> WHAT TO PRODUCE: Repeat exactly the lines below that lie between the line with "Except the vertex, instead" and the line with "Okay, this video", counting both of those lines as part of the answer.

*** DATA EXTRACTS Section Begins ***

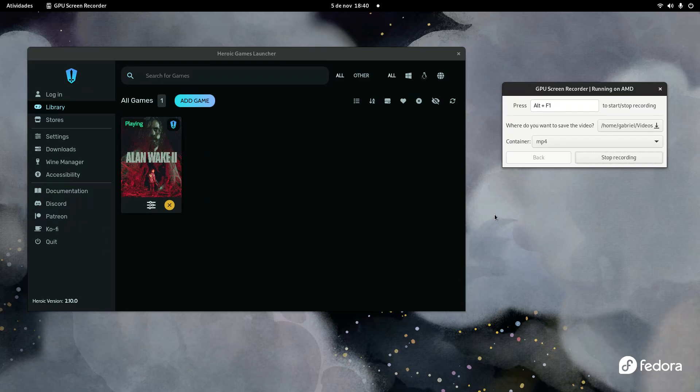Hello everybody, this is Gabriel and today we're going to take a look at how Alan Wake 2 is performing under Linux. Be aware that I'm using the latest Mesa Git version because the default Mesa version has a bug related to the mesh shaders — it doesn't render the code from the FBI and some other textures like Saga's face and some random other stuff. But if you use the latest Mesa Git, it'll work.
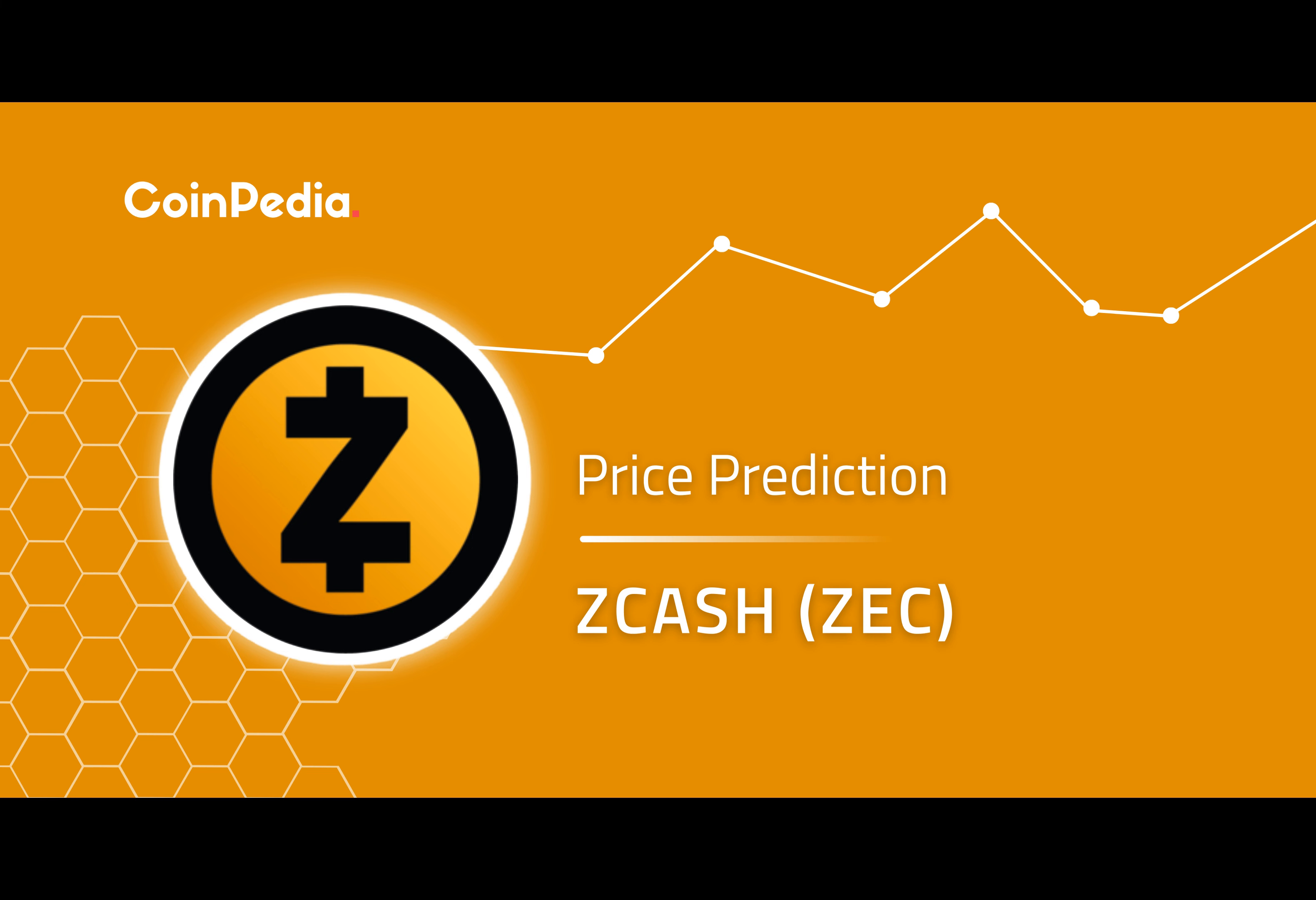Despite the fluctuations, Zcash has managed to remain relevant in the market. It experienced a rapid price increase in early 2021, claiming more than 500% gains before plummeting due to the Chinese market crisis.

*** DATA EXTRACTS Section Ends ***
*** DATA EXTRACTS Section Begins ***

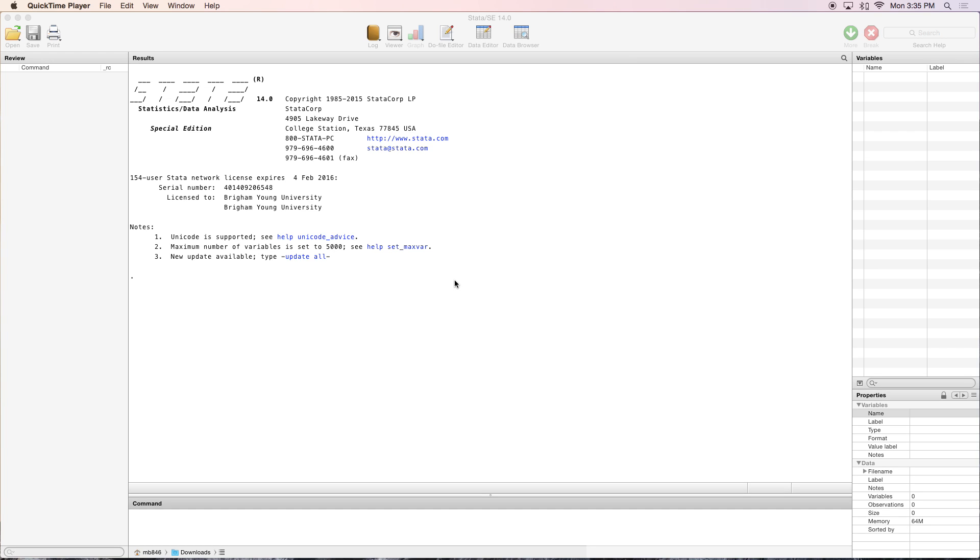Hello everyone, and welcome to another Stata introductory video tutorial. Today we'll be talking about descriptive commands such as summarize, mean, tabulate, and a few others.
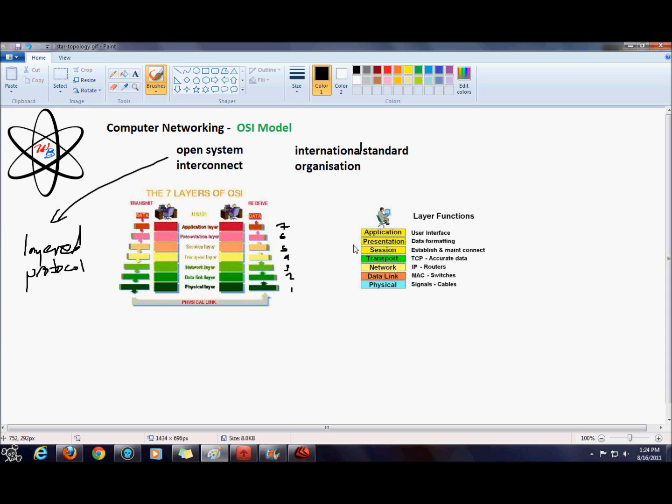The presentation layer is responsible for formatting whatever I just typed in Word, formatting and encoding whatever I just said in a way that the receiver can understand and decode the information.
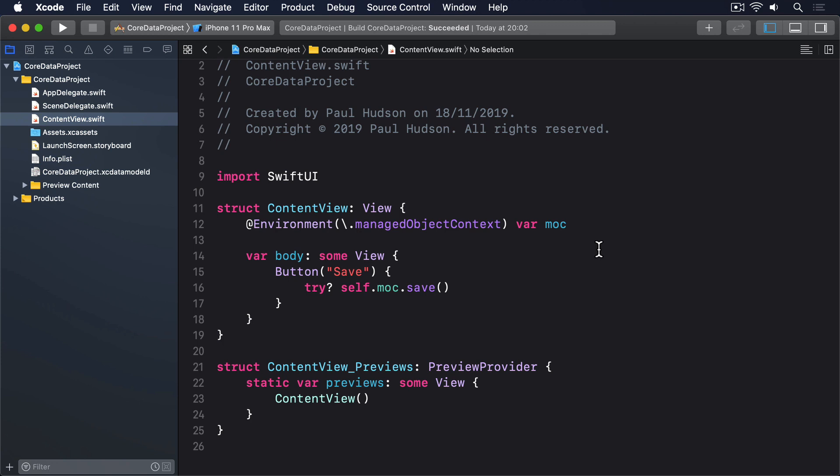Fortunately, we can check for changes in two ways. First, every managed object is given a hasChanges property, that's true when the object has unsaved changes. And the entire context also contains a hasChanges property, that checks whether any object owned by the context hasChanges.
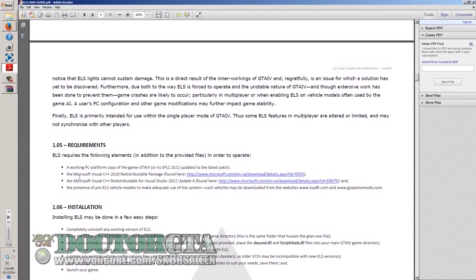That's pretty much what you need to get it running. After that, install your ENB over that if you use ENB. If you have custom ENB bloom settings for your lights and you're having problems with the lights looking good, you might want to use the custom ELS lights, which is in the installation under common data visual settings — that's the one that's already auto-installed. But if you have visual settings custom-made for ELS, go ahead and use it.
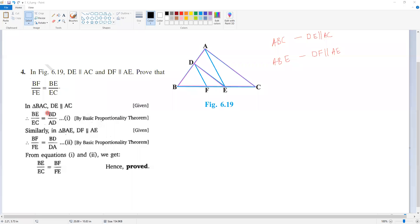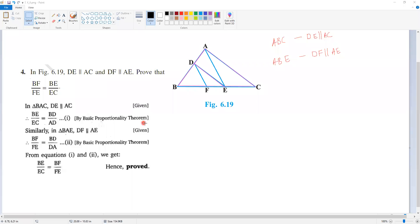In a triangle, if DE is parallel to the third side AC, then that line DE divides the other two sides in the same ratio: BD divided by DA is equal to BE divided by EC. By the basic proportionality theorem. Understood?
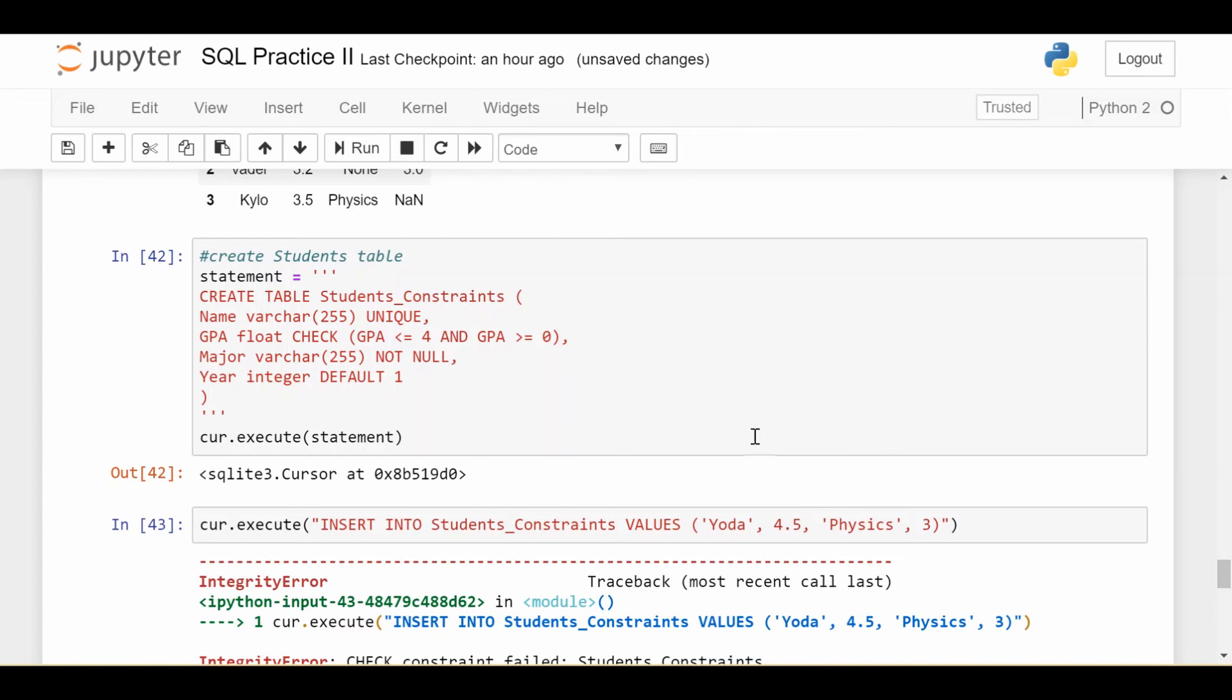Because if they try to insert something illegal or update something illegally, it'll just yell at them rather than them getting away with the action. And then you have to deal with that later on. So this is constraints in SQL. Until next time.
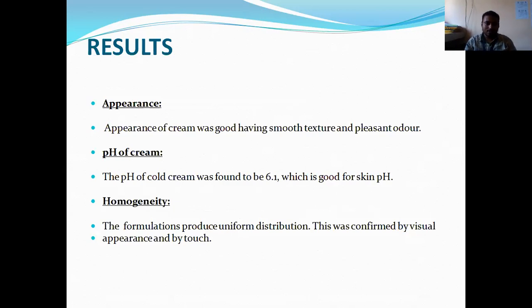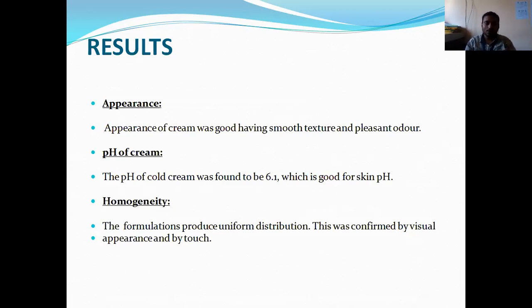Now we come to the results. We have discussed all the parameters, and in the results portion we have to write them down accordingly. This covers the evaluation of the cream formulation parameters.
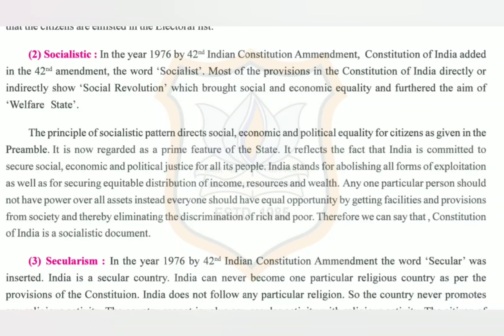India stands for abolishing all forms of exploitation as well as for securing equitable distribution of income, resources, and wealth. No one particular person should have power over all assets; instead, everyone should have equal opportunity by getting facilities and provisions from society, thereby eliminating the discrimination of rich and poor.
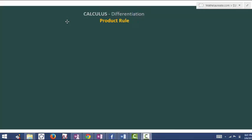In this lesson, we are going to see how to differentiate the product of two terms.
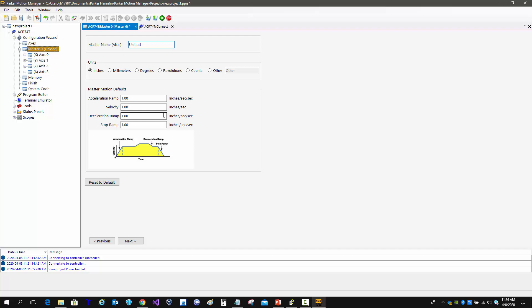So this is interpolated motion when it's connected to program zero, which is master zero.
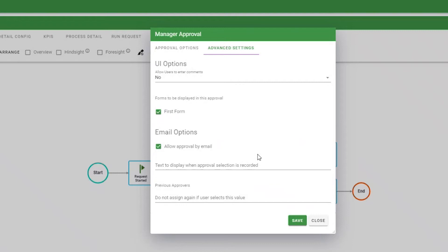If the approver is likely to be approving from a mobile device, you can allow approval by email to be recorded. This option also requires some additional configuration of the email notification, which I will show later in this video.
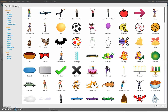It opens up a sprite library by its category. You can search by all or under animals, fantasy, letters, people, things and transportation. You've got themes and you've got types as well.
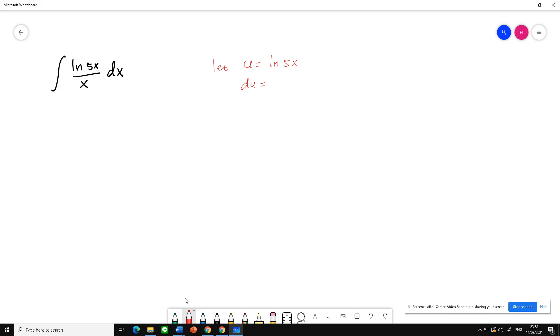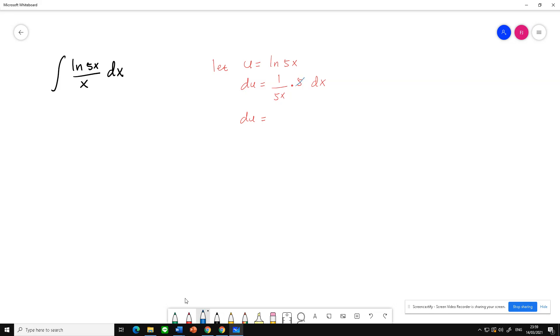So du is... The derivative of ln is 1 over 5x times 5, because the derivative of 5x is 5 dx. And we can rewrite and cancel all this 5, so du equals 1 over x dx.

*** DATA EXTRACTS Section Ends ***
*** DATA EXTRACTS Section Begins ***

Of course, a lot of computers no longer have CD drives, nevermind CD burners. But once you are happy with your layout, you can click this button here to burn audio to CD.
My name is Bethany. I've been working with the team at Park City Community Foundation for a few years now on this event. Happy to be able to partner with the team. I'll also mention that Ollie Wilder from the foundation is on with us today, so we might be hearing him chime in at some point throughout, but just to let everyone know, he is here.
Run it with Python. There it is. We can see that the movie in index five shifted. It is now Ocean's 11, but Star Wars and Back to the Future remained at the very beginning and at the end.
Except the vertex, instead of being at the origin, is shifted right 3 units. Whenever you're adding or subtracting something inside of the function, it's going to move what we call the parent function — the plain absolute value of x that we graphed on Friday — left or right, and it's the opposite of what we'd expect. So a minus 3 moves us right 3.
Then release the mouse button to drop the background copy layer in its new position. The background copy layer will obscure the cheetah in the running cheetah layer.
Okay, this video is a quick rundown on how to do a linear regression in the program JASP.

*** DATA EXTRACTS Section Ends ***

> RESULT FOR THIS EXERCISE:
Except the vertex, instead of being at the origin, is shifted right 3 units. Whenever you're adding or subtracting something inside of the function, it's going to move what we call the parent function — the plain absolute value of x that we graphed on Friday — left or right, and it's the opposite of what we'd expect. So a minus 3 moves us right 3.
Then release the mouse button to drop the background copy layer in its new position. The background copy layer will obscure the cheetah in the running cheetah layer.
Okay, this video is a quick rundown on how to do a linear regression in the program JASP.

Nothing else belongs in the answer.